Problem details:
Set down exactly the lines below between the line holding "Elevator Parts C98451-D6140-P1-4-86" and the line holding "Cosycasa & Free Bike Turin", inclusive; no other line belongs in the answer.

Data for the task:
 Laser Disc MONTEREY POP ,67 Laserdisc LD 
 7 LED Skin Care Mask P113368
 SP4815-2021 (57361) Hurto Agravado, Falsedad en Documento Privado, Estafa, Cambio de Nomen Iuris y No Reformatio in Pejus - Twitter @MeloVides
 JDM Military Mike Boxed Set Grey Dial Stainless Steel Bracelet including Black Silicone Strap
--
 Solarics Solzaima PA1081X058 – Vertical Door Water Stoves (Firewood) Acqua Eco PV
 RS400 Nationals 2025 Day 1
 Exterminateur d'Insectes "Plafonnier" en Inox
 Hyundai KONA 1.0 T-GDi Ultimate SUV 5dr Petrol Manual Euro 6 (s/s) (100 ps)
* * *
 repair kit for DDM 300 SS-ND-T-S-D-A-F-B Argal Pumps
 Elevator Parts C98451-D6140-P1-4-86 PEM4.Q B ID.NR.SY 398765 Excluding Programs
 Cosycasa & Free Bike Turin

Response to this exercise:
 Elevator Parts C98451-D6140-P1-4-86 PEM4.Q B ID.NR.SY 398765 Excluding Programs
 Cosycasa & Free Bike Turin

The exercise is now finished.